Reputation: 515
I've a dataframe
as below.
df = pd.DataFrame({
'code' : [1, 2, 3, 4, 5, 6, 7, 8, 9, 10],
'Tag' : ['A','B','C','D','B','C','D','A','D','C']
})
+------+-----+
| code | Tag |
+------+-----+
| 1 | A |
+------+-----+
| 2 | B |
+------+-----+
| 3 | C |
+------+-----+
| 4 | D |
+------+-----+
| 5 | B |
+------+-----+
| 6 | C |
+------+-----+
| 7 | D |
+------+-----+
| 8 | A |
+------+-----+
| 9 | D |
+------+-----+
| 10 | C |
+------+-----+
My objective is to create code
lists based on the common items in the Tag
column as below.
codes_A = [1,8]
codes_B = [2,5]
codes_C = [3,6,10]
codes_D = [4,7,9]
How I'm doing it right now is
codes_A = df[df['Tag'] == 'A']['code'].to_list()
codes_B = df[df['Tag'] == 'B']['code'].to_list()
codes_C = df[df['Tag'] == 'C']['code'].to_list()
codes_D = df[df['Tag'] == 'D']['code'].to_list()
This code does the job. But, as you can see this is very cumbersome and inefficient. I'm repeating the same code multiple times and also repeating when I want to create new lists.
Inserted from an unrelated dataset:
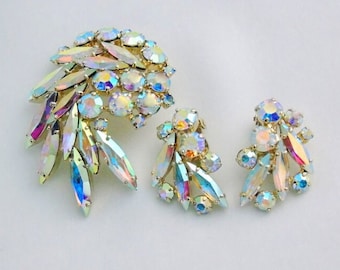 Puede incluir: Un conjunto de joyas de cristal iridiscente que incluye un broche y un par de pendientes. El broche tiene forma de racimo de hojas con un cristal grande en el centro. Los pendientes también tienen forma de hojas con un cristal más pequeño en el centro.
is there a more efficient and pythonic
way to do this in pandas
or numpy
?
Upvotes: 2
Views: 44
Reputation: 862406
Create dictionary of list, becasue variable names are not recommended:
d = df.groupby('Tag')['code'].agg(list).to_dict()
print (d)
{'A': [1, 8], 'B': [2, 5], 'C': [3, 6, 10], 'D': [4, 7, 9]}
Then for list lookup by keys in dict, but no assign to variable name:
print (d['A'])
[1, 8]
So practically it means in your code if use codes_A
then it change to d['A']
, similar for all variables.
But if really need it:
for k, v in d.items():
globals()[f'code_{k}'] = v
print (code_A)
[1, 8]
Upvotes: 3